Barack Obama also lent credence to Clinton's point that maybe foreign policy leadership does require experience when his advisers were caught assuring foreigners that their boss does not really mean all that wacky stuff about reneging on NAFTA and bugging out of Iraq when things are improving.
Obama's efforts to shoo away the offenders did not settle the underlying dilemma -- is he being disingenuous with voters or does he not have command over his advisers? Suddenly there did seem to be a stature gap between him and Clinton, who can at least keep her advisers from publicly undermining her policy pronouncements.
McCain got the soundbite equivalent of "I voted for the $87 million before I voted against it" when Obama adviser Susan Rice said of the Democratic contenders, "They're both not ready to have that 3 a.m. phone call." Clinton pitched in as well, repeatedly saying that both she and McCain have a lifetime of experience but Obama...maybe not so much.
These events reinforced the reason for McCain's candidacy: he is unmatched in foreign policy acumen and experience. Clinton will make half the argument on a daily basis, lambasting Obama as a neophyte. Obama will make the other half, pointing out that Clinton is scarcely better prepared. Meanwhile, McCain will be jetting to foreign countries, meeting with foreign leaders and proving his point that he is the only one ready for national security responsibility.
And last week's attack on the military recruiting station in New York City and the terrorist shootings in Jerusalem served as reminders, if any were needed, that we live in dangerous times.
HOWARD DEAN AND the Democratic Party did their part as well. The problem: Michigan and Florida. Their solution: They have not a clue.

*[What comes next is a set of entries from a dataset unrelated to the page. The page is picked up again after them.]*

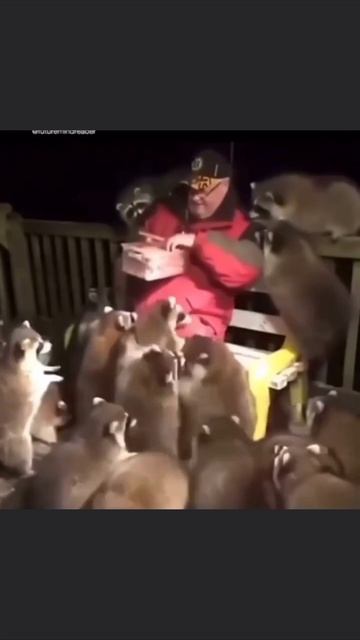 Вожак стаи смотреть онлайн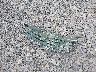 JN1CY0AR4AM****** Wrecked 2010 Infiniti M35 in New York State
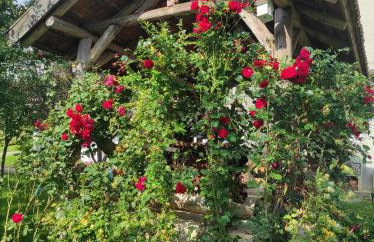 Apartman Jakov - Foto 15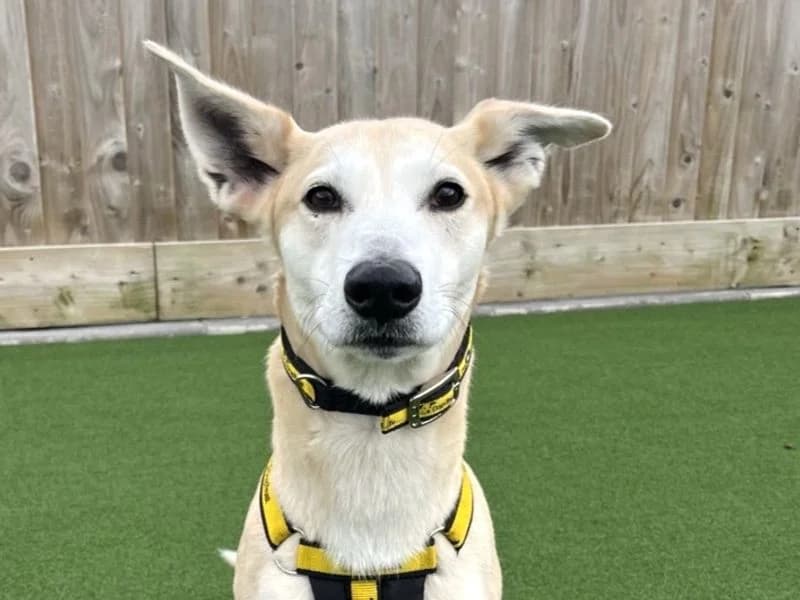 Tj, male senior Whippet for adoption at Dogs Trust Ballymena, Ballymena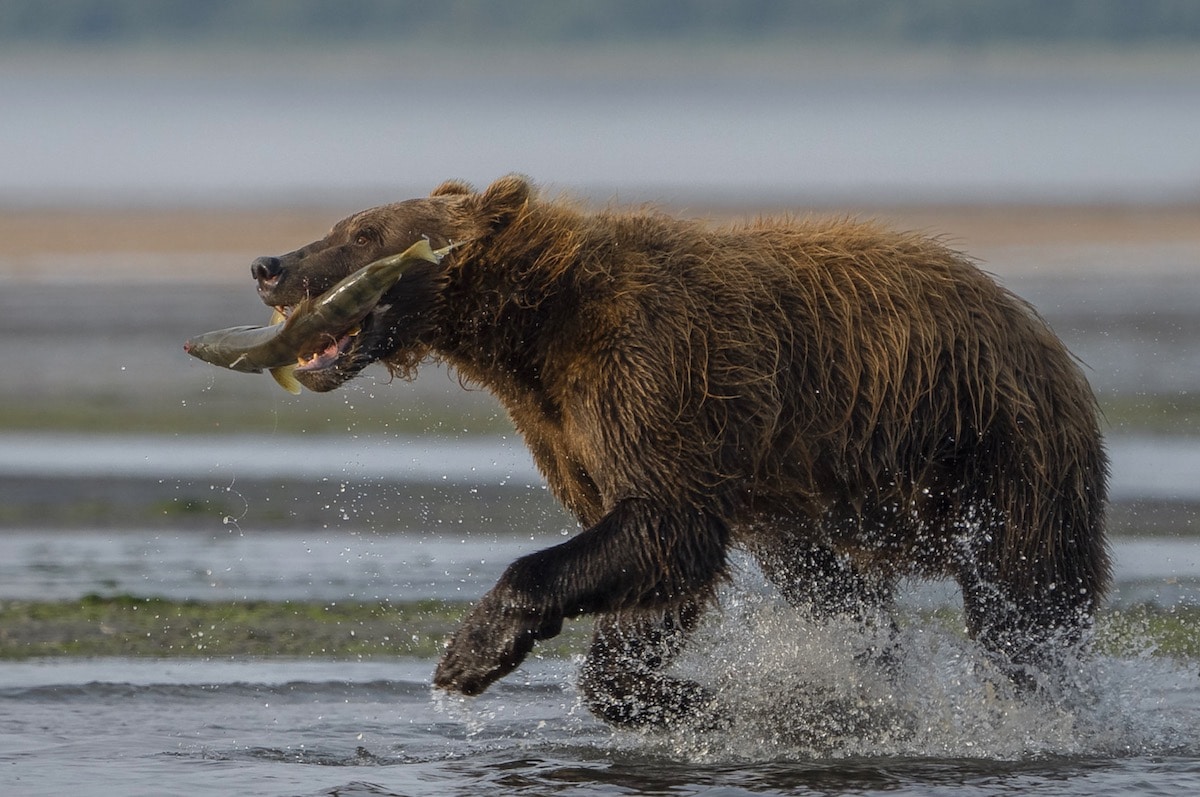 Brown Bear in Alaska with Fish in Its Mouth by Dan Zafra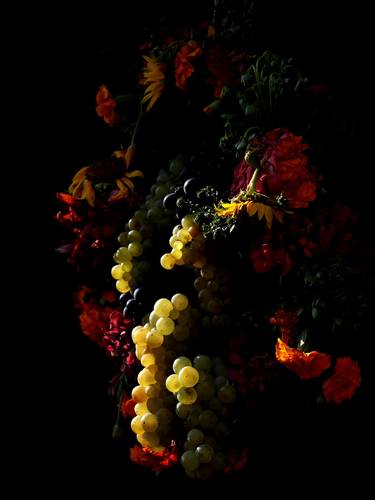 Original Fine Art Floral Photography by Goran Ristic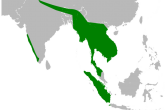 mapa występowania dzioborożca wielkiego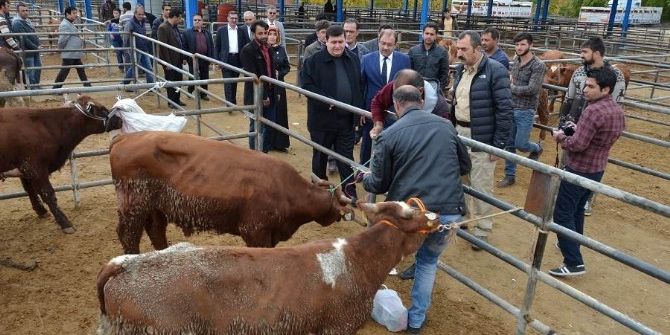 Genç Çiftçilere Hibe Hayvan Dağıtımı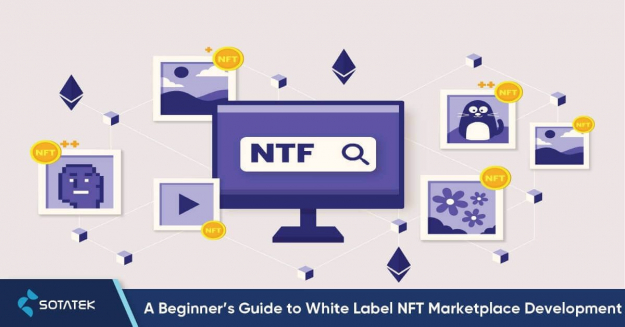 A Beginner’s Guide to Whitelabel NFT Marketplace Development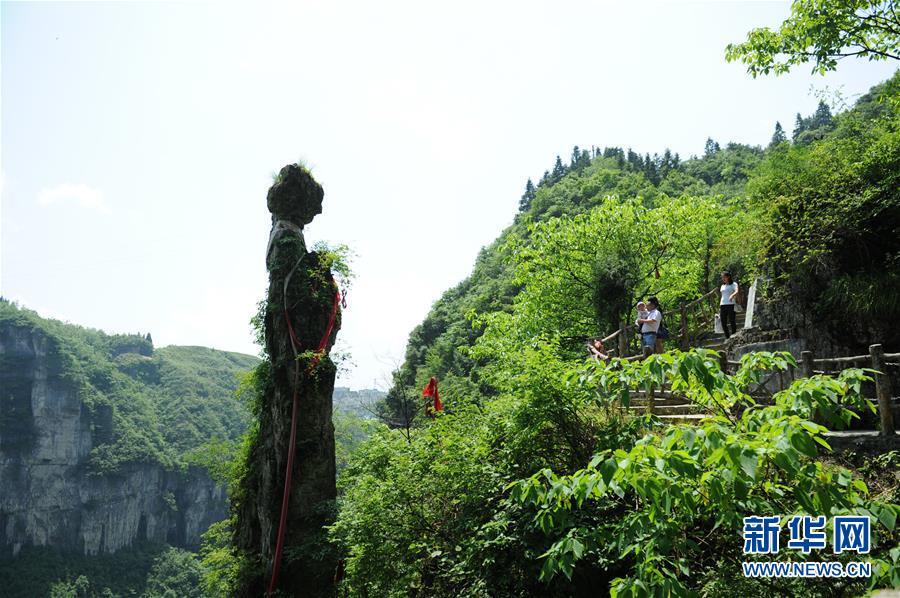 网站首页 首页 国内美景 贵州 2016年以来,贵州省铜仁市万山区积极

The prospect of redo primaries or an ongoing rules fight over whether to exclude the delegates gives Clinton more reason to soldier on. The possibility that no arrangement can be found and that two of the most populous states will have no say in selecting the Democratic nominee raises the delicious prospect that a Democratic nomination arrived at without allowing every vote to be counted. It would reek of unfairness and send many voters (at least in Florida) running into McCain's open arms in November.
While all of this was going on, the Democrats and the DNC found it impossible to turn their guns on McCain, who is financially and organizationally at his most vulnerable. As Bob Dole found out in 1996, an underfunded Republican in the post-nomination and pre-convention period can collapse under attacks from a well organized and funded opposition. But the Democrats have too much on their hands to bother much with McCain, a situation that may go on for weeks or even months.
Now, many have speculated that McCain has benefited from one of the longest streaks of good luck in history. Mike Huckabee rose just in time to topple Mitt Romney. Rudy Giuliani left New Hampshire and virtually evacuated the race, leaving the early primary states to McCain. The surge worked in time for primary voters to appreciate McCain's role in its success.
What politician has been this fortunate? The Democrats are starting to worry that McCain's luck has only just begun.